Bundesrätin Eveline Widmer-Schlumpf hat sich am Weltwirtschaftsforum (WEF) beim französischen Finanzminister Pierre Moscovici über die abrupte Kursänderung des Nachbarlandes bei der Pauschalbesteuerung beschwert.
Frankreich hatte am 26. Dezember mitgeteilt, dass es ab 1. Januar seine in der Schweiz pauschal besteuerten Bürger ebenfalls zur Kasse bittet. Moscovici habe anerkannt, dass ein solches Vorgehen von einem Vertragspartner nicht erwarten werden könne, sagte Widmer-Schlumpf am Samstag an einer Medienkonferenz in Davos.
Die Finanzministerin verwies darauf, dass das zugrunde liegende Doppelbesteuerungsabkommen seit 40 Jahren in Kraft ist. Sie wolle nun so vorgehen wie mit Italien: „alle Baustellen auf den Tisch legen“ und erörtern, wie man in einem strukturierten Dialog zu Lösungen komme. Möglicherweise werde die Änderung der Pauschalbesteuerung nun gestaffelt umgesetzt.
Moscovici hatte Widmer-Schlumpf beim Gespräch am Freitag eingeladen, in Paris das erneuerte Erbschaftsabkommen zu ratifizieren. Widmer-Schlumpf sagte dazu, der Bundesrat werde die Botschaft ans Parlament verfassen. Nach dem Entscheid der eidgenössischen Räte unterliege dieser Staatsvertrag dem fakultativen Referendum.

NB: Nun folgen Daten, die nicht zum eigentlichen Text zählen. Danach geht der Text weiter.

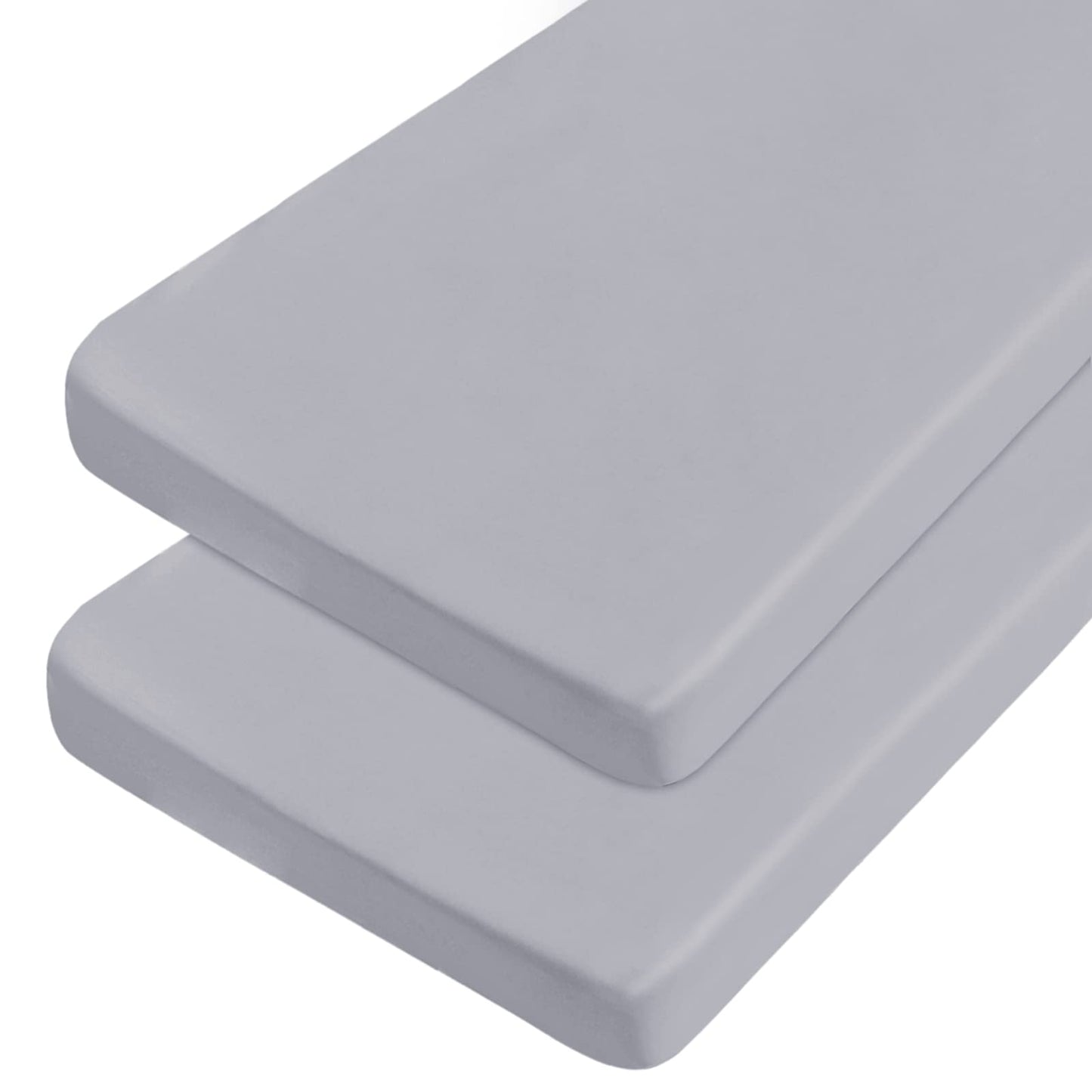 Cot Sheets 31" x 75", 2 Pack Cot Size Sheet Fitted with Narrow Twin/Camp Bunk/Rvs Bunk/Guest Beds/Army Cots/Trifold Mattress, Super Soft Breathable Microfiber Bed Cover, Bottom Sheet, Gray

Moscovici hatte den Vorwurf, einen „Steuerkrieg“ gegen die Schweiz zu führen, zurückgewiesen. Es bestehe eine „enge Kooperation“ und er werde versuchen, die hochgegangenen Emotionen zu glätten. Die Steuerprobleme liessen sich aber nicht in 30 Minuten in Davos lösen.
Kritik an Ultimatum
Widmer-Schlumpf bedauerte, dass ein Treffen am WEF mit dem deutschen Finanzminister Wolfgang Schäuble wegen dessen Grippeerkrankung nicht möglich war. Hingegen habe sie mit EU-Binnenmarktkommissar Michel Barnier „klar abstecken“ können, wo die Schweiz bei der Unternehmensbesteuerung zu Diskussionen bereit sei und wo nicht.

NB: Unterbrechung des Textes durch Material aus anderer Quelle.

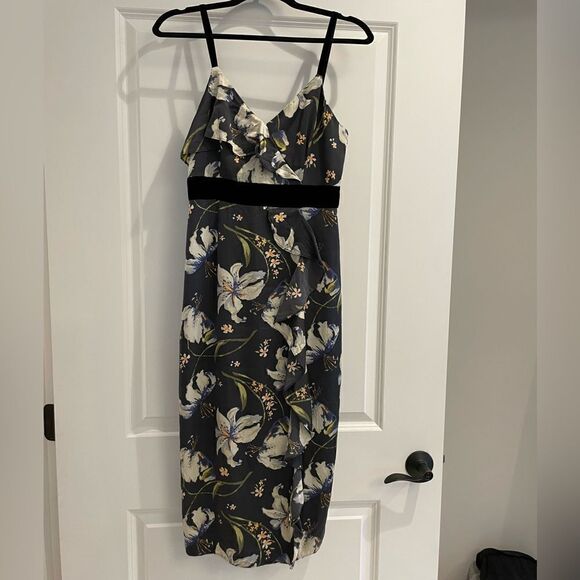 EUC Cinq a Sept Leena Midi Dress Sz. 2 - Picture 4 of 8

Widmer-Schlumpf kritisierte die Drohung von EU-Steuerkommissar Algirdas Semeta, wonach die Schweiz ein halbes Jahr Zeit habe für Anpassungen bei den Steuerprivilegien für ausländische Unternehmen. Ansonsten komme die Schweiz auf eine schwarze Liste. Diese öffentliche Kritik widerspiegelten die konstruktiven Gespräche mit der EU nicht, sagte Widmer-Schlumpf.
Zum Abschluss ihres WEF-Besuchs traf Widmer-Schlumpf am Samstag die Chefin des Internationalen Währungsfonds (IWF), Christine Lagarde. Sie habe angesichts der laufenden Quotenreform zugunsten von Schwellen- und Entwicklungsländern auf den Stimmrechtsanteil der Schweizer IWF-Gruppe gepocht. Denn es müssten auch die Wirtschaftskraft und die freiwilligen Leistungen wie die Kredite der Schweiz berücksichtigt werden.